American Jewry produced many great literary figures in the 20th century, but only one, notes Meir Soloveichik, remained a devoutly observant Jew for his entire life except for a brief interval in his youth. This was Herman Wouk, who died last month at the age of one-hundred-three. In addition to numerous novels, Wouk also wrote a bold—and best-selling—apologia for Orthodox Judaism, This Is My God. Reflecting on what Wouk himself termed the “mystery” of the Jewish people, Soloveichik writes:
To journalists and literati, [Wouk’s piety] was a paradox. Wouk, Time magazine argued, “seems like an enigmatic character in search of an author.
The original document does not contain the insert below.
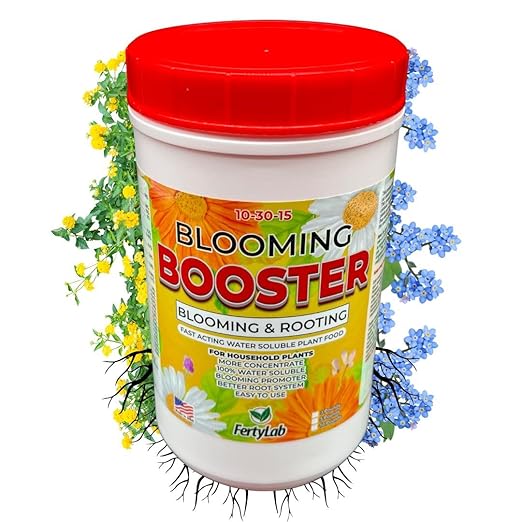 Bloom Booster - Flower Fertilizer for Indoor and Outdoor Plants - Blooming Promoter - Potted Plant Food - Water Soluble Flower Fertilizer - for Roots and Flowers - Tech Grade Raw Materials (3lb)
He is a devout Orthodox Jew who has achieved worldly success in worldly-wise Manhattan while adhering to the dietary prohibitions and traditional rituals which many of his fellow Jews find embarrassing.” But it is not a paradox at all. A novelist like Wouk knew a great story when he saw one, and he was surely struck by the fact that those very same American Jews who avidly read his novels seemed to ignore the most interesting plot of all.
Wouk’s own countercultural observance . . . heralded the resurgence of Orthodoxy in America, one that few in the 1950s would have predicted. But Wouk also offers an example of what American Orthodoxy so sorely needs today: those with the ambition and ability to defend, passionately and eloquently, Judaism’s vision to the world. Should they emerge, they may find an audience far surpassing Wouk’s, hungering for truth in an age of rank relativism and cultural decay, waiting for a gifted writer to fulfill once again words uttered by Moses millennia ago: “This is my God and I will beautify Him; the God of my father that I shall glorify.”
For decades, Wouk seemed superhuman, living to be over one-hundred years of age and writing lucidly late into his nineties. In this he appeared to embody the immortality of the people that he so exquisitely described. . . . Now his own remarkable story has come to an end. . . . But it hasn’t, not really.
Individually, every man is mortal; Herman Wouk was a man, and even he would ultimately die. But precisely because of his faith, a faith that seemed paradoxical but which actually made so much sense, Wouk will achieve an immortality unlike any other Jewish cultural figure of his time. He will live, first and foremost, not in his movies, or novels, but in the extraordinary endurance of Orthodoxy in America, and through the eternal people who cling stubbornly, with love, to Herman Wouk’s God.